Proteção à Reserva

A cultura da caça tem sido uma tradição na região durante milhares de anos e continua sendo até hoje. Até meados do século 19, posseiros espalharam-se nos morros, cultivando mandioca e banana, criando porcos, e nesse período extirparam a arara vermelha (Ara chloropterus) e a anta (Tapirus terrestris). Mesmo que a população de posseiros tenha permanecido baixa ao longo do século 20, a busca pela caça foi implacável. Até as décadas 20 e 30, a queixada (Tayassu pecari) e o tatu canastra (Priodontes maximus) tinham sido extirpados. A onça pintada (Panthera onca) e o guariba (Alouatta guariba) foram extirpados nos anos 50 quando as grandes empresas estabeleceram-se na região para a extração de madeira e a plantação de cacau e seringueira. Esse aumento na densidade populacional que acompanhou essa expansão intensiva de agricultura entre 1950 e 1970, resultou no aumento dramático da pressão dos caçadores e até o fim dos anos 70, a maior parte dos mamíferos de grande e médio porte estava escassa. Não havia medidas para controlar os caçadores até meados dos anos 90, quando várias ONGs foram estabelecidas com a missão de conservar os remanescentes florestais, porém esses esforços (colocando placas proibindo a caça) têm sido pouco efetivos. Embora tendo menos pessoas envolvidas na caça hoje comparado com o passado,  a pressão dos caçadores ainda é intensa e na maioria das florestas, a vida selvagem continua escassa.

Antes da criação da reserva, a situação dentro da REM era parecida com a das outras florestas da região e a prática era extensiva com os caçadores usando todos os setores da floresta. Uma das principais razões para criação da reserva foi proteger a floresta contra todas as atividades ilegais, inclusive a caça (Lei 9.605/98). Dada à fraca aplicação da lei na região, a Michelin formou uma unidade de guardas florestais constituída por quatro homens selecionados das comunidades vizinhas. Hoje temos uma equipe dedicada e bem treinada que tem reduzido significativamente a pressão da caça (0 a 6 relatos por mês, em comparação a 50 ou mais relatos por mês, na época em que a reserva foi criada). Em 2015, os guardas completaram 691 patrulhas e detectaram só 32 sinais de caça. A caça na reserva tem caído 78,1% desde a reforma do sistema de fiscalização, em 2010. Os guardas patrulham toda a reserva, assim como a plantação da Michelin fora da reserva, com patrulhas na manhã, tarde e noite, 360 dias por ano. Identificamos as áreas problemáticas e sabemos quem são os caçadores mais obstinados e concentramos as patrulhas nessas áreas.

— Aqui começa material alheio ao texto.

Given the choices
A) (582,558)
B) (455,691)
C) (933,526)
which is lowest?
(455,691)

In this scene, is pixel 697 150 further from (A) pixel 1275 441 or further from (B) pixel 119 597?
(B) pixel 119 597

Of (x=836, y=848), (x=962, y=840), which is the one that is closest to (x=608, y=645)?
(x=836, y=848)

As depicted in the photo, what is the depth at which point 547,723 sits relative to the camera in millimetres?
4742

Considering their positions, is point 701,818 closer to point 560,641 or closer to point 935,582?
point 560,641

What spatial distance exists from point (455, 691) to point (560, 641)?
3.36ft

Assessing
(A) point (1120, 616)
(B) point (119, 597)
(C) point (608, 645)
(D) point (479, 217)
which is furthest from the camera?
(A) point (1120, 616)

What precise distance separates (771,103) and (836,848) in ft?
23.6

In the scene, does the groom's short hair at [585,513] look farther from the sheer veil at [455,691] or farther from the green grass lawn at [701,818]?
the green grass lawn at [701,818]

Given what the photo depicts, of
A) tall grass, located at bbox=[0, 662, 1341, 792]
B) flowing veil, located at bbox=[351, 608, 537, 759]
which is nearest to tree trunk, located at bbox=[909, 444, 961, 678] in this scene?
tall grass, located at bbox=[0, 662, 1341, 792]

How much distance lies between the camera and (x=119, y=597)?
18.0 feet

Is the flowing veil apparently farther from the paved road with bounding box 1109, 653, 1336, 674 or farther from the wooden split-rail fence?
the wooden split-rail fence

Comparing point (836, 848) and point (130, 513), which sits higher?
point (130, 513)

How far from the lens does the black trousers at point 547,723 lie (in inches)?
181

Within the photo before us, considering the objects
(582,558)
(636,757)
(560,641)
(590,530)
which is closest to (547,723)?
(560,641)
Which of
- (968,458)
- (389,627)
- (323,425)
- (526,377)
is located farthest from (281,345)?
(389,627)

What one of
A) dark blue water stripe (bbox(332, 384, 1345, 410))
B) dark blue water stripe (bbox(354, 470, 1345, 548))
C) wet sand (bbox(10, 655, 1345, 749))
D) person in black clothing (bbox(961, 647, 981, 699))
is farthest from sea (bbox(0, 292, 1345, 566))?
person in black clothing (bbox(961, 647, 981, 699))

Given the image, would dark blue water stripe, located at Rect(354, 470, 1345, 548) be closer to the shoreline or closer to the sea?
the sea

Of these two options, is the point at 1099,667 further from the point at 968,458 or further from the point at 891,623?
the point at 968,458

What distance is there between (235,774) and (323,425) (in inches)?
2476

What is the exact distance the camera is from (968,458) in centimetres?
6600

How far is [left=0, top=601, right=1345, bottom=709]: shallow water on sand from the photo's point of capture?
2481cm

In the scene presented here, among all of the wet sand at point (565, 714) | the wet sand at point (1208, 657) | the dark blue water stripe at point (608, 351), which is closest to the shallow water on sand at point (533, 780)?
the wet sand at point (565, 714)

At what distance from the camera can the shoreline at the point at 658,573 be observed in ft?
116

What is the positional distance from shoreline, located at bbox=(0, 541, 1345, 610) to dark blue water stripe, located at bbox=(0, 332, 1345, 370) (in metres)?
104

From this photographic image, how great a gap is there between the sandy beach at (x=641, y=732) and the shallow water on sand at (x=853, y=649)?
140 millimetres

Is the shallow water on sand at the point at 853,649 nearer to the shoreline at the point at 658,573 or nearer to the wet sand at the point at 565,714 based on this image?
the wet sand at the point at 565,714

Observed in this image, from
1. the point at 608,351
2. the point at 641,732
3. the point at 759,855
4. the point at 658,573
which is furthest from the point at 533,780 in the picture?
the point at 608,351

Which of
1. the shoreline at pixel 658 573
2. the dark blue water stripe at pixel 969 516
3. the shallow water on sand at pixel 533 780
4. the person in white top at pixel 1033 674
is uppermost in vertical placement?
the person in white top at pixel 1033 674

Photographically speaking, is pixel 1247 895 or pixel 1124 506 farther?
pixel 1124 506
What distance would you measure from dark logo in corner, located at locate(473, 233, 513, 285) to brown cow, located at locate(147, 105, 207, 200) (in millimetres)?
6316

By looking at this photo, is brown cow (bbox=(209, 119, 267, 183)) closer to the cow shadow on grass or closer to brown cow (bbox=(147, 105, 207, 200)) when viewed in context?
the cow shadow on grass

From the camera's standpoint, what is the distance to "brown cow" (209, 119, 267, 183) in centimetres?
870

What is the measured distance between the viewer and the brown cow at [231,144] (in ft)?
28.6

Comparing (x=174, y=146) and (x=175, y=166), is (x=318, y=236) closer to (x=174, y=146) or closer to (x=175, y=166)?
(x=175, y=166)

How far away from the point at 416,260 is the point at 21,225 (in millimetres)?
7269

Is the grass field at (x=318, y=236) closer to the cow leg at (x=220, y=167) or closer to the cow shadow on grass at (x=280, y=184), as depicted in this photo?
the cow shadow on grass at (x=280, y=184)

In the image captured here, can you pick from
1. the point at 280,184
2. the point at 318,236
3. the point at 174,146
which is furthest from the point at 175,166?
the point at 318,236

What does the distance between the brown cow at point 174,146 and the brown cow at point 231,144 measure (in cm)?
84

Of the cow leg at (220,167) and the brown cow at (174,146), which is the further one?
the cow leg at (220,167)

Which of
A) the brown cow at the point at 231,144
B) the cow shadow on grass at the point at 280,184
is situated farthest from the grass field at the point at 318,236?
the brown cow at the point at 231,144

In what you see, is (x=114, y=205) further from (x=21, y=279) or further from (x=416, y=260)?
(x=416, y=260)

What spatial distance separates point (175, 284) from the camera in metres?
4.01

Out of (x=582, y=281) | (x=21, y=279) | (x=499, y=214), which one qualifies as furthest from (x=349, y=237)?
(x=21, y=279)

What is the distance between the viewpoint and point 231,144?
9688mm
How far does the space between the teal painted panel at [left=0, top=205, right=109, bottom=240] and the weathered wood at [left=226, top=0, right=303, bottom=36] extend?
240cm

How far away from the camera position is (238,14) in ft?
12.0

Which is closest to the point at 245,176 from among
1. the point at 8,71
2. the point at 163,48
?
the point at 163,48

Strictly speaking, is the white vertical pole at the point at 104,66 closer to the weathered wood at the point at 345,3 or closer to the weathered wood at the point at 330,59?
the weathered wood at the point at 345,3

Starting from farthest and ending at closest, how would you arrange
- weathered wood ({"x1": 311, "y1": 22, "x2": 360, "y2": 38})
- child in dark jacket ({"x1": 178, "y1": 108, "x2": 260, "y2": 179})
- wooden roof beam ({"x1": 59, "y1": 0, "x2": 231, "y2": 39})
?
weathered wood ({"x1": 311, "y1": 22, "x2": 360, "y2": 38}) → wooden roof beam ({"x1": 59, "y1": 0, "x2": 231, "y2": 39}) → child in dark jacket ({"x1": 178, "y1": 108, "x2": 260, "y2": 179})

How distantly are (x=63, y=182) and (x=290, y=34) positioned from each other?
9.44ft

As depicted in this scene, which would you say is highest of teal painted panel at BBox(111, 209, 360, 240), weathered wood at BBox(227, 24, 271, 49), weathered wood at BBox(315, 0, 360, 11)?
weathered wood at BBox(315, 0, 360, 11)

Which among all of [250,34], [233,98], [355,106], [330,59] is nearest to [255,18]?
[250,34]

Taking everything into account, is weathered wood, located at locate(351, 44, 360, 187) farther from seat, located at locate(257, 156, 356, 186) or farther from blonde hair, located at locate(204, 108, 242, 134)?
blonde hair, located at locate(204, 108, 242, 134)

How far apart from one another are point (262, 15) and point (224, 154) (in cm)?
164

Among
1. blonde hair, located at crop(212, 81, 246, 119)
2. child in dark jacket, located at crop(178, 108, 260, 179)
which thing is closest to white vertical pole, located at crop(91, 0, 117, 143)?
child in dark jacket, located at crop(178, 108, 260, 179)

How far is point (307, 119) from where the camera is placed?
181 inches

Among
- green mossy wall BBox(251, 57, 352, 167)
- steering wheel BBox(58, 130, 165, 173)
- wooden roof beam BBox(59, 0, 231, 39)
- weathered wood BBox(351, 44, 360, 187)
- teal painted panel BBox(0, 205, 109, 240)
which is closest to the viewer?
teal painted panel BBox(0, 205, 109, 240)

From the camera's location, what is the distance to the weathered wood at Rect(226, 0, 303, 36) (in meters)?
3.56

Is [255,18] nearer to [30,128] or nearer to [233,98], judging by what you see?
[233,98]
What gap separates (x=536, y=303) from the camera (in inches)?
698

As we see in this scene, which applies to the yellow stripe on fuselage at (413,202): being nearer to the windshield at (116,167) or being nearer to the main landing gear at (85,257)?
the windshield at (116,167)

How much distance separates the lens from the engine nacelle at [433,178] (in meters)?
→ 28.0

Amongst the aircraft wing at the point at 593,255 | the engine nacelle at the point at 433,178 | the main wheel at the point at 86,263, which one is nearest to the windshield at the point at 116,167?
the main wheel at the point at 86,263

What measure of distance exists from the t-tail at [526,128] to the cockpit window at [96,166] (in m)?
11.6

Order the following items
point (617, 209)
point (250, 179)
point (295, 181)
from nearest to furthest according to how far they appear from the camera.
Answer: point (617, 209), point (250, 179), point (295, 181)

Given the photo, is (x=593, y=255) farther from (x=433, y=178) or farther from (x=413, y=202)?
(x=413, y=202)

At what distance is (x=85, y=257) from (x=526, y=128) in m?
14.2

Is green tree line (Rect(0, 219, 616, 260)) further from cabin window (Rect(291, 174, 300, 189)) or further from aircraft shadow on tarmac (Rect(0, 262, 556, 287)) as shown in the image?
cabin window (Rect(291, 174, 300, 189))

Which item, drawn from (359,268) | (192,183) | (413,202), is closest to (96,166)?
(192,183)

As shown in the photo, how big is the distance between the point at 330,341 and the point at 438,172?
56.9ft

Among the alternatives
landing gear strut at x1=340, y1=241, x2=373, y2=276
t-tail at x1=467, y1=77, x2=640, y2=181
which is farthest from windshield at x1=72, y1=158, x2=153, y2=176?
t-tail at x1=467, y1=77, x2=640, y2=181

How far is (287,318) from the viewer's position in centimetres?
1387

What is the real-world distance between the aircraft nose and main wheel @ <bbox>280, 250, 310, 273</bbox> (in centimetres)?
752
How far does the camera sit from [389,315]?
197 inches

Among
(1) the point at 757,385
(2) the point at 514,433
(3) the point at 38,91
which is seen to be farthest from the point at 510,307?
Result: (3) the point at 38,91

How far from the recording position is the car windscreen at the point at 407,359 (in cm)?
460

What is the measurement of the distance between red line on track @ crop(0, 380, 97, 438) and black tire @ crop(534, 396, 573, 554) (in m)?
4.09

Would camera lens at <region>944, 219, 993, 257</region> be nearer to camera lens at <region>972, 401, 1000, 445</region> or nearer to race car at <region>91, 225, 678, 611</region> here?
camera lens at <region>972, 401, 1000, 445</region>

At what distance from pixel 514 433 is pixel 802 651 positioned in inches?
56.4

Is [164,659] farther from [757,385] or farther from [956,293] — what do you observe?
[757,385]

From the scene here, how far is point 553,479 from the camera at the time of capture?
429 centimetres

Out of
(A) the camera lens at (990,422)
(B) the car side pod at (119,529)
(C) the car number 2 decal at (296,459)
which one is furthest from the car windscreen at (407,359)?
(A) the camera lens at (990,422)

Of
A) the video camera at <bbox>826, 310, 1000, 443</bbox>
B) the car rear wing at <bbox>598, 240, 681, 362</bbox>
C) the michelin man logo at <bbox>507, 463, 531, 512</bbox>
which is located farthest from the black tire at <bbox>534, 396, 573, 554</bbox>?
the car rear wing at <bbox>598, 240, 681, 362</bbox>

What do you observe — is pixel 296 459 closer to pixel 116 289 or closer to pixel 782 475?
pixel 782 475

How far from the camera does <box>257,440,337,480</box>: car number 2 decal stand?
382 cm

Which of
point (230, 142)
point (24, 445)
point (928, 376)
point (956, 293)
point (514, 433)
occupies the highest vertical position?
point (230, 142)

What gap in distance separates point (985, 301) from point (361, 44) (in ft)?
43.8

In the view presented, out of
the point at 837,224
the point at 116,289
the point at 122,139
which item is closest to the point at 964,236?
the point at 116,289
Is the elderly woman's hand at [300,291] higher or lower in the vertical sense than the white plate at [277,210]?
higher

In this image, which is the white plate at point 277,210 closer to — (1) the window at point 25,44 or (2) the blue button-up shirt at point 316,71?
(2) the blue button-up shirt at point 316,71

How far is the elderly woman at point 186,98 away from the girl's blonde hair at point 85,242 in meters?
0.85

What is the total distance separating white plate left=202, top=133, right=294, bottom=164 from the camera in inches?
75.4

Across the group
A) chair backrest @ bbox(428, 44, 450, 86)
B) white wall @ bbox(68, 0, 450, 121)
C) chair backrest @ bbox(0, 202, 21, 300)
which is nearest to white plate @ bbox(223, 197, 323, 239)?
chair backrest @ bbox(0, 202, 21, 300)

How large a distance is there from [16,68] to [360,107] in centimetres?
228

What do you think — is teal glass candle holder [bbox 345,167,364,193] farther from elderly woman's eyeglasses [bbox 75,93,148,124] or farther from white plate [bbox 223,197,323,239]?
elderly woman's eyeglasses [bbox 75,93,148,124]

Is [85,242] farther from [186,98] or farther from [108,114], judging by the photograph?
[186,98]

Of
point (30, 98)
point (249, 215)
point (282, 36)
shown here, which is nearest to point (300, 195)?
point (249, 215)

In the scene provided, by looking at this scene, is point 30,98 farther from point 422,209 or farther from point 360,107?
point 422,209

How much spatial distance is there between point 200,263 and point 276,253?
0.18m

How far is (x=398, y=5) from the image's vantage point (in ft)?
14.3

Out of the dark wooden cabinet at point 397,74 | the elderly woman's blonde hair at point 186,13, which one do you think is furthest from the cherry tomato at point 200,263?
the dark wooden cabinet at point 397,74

Temos conseguido excluir os caçadores da maior parte da reserva e hoje a atividade de caça é, em grande parte, restrita aos rumos (normalmente menos de 100 m da borda da mata) e não temos registros de atividade dos caçadores nas trilhas dentro da reserva . A maior parte dos registros de atividades de caçadores (60%) vêm de fora da reserva, nos plantios de seringueira e nas matas ciliares, perto de Vila 3 e 4 e ao longo da BA-001. Outros 17% foram registrados na Floresta do Rio, abaixo da floresta de Vila 5, onde tanto a entrada como a fuga para os vizinhos, ao norte, torna-se mais fácil. Os 23% restantes foram eventos isolados na beira da reserva.

Monitoramos a pressão dos caçadores e a abundância da vida silvestre desde a criação da reserva e, temos visto um declínio dramático na atividade dos caçadores acompanhado por uma expansão rápida das populações da fauna (um aumento de 117% de abundância desde a criação da reserva). Espécies em perigo de extinção, como macaco-prego-de-peito-amarelo (Sapajus xanthosternos) e mutum-do-sudeste (Crax blumenbachii) têm recuperado e recolonizado todas as florestas da reserva. As populações de paca (Cuniculus paca), veado mateiro (Mazama americana) e veado corça (Mazama gouazoubira) aumentaram até 290%. A recuperação mais impressionante foi dos caititus (Pecari tajacu) e dos tatus verdadeiro (Dasypus novemcinctus) cuja população aumentou 339% e 547%, respectivamente. Nosso monitoramento indica que as populações continuam a crescer, porém, imaginamos que dentro de alguns anos, a capacidade de suporte da reserva para esses animais será atingida.